How Woo Kwok-hing plans to jump-start political reform in Hong Kong
In an exclusive interview with the Post, retired judge Woo Kwok-hing says there is ‘a lot of room for manoeuvre’ on the model used in picking city’s leader, then the legislative system can be revamped
There is “a lot of room for manoeuvre” in revamping the committee mandated under the Basic Law to nominate Hong Kong’s leader under universal suffrage, according to the first person to have entered the chief executive race.
But Woo Kwok-hing admitted the presence of such a committee was bound to have a “sieving effect” on candidates for the top job.
In an exclusive interview with the South China Morning Post on Monday, the retired judge who sent shock waves through the city last week when he announced his bid to be the city’s next leader, revealed his ideas on what should be done in democratising the electoral system.
Watch: Woo Kwok-hing’s live Q&A with political reporter Joyce Ng
Democracy could not be attained “straightaway”, Woo said, as he argued the city should first focus on widening the franchise of the 1,200-strong Election Committee that nominates chief executive hopefuls.
Article 45 of the city’s mini-constitution stipulates that the chief executive returned by universal suffrage should be nominated by a broadly representative nominating committee.
“There is a lot of room for manoeuvre within that provision” to make the committee “broadly representative”, Woo said. “And that is how consensus can be reached for that framework.”
The Beijing-decreed political reform package imposed on the city two years ago triggered the Occupy movement as it suggested that only two or three candidates who secured majority support from the 1,200 strong committee – traditionally dominated by Beijing-friendly members – could run for chief executive. The proposal was voted down in the Legislative Council after strong opposition from the pan-democrats.

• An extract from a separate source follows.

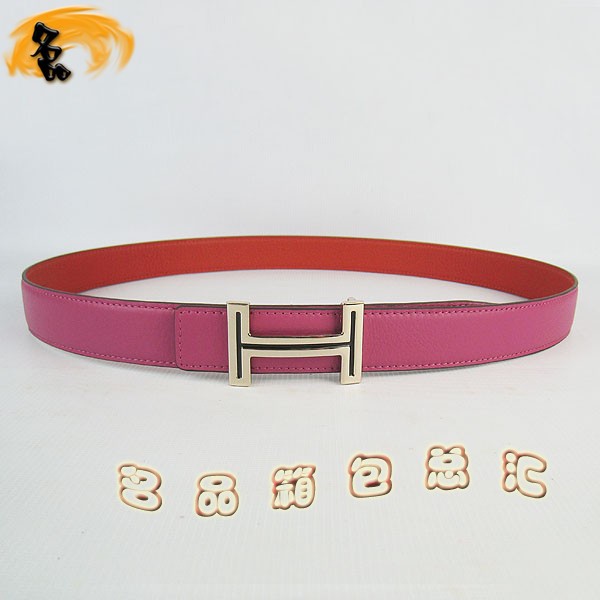 451 ¿RƤ HermesƤ Hermes ֦yҼt ȿ3cm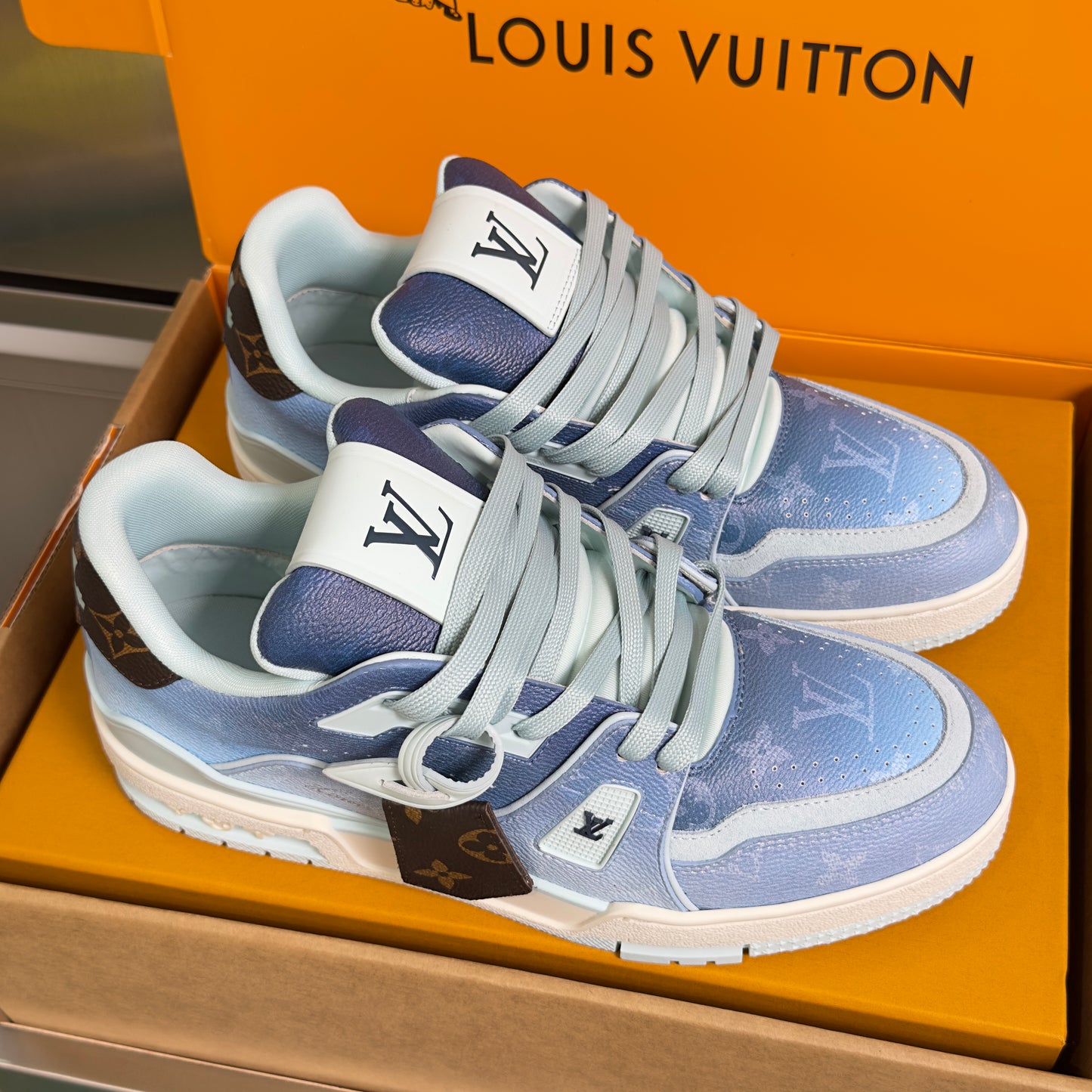 Designer Sneakers Shoes – Lifestyle Sneakers, Latest Sneakers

Woo admitted the nominating committee was bound to have a “sieving effect” unless it was elected by universal suffrage.
If the controversy surrounding the electoral model of the chief executive poll was settled, he said, the city could then proceed to revamp Legco.
The functional constituencies in the legislature, controlled by the business sector and Beijing-friendly camp, should be phased out eventually as they were “a residual of history”, he said.
Woo has been widely perceived as a single-issue contender as he did not provide a comprehensive election manifesto when he announced his bid last week.
Instead he emphasised the need to restart the political reform process. From this, he argued, “everything will fall into place very easily”.
“What has caused the division and fragmentation of Hong Kong society over the past few years is actually political reform,” he said, adding this would be the first issue he raised should he have the chance to meet President Xi Jinping.
Woo, formerly chairman of the Electoral Affairs Commission, acknowledged the value of the existing proportional representation system, though it had led to the legislature’s fragmentation.
The alternative first-past-the-post system, where the majority rules, might cause fewer divisions, he said, but it may not be suitable or fair as the minority would not have a say.
“With the proportional representation system, most segments of the population are represented. The more segments you have, of course there will be more diverse views, and greater fragmentation. But we don’t want one voice.”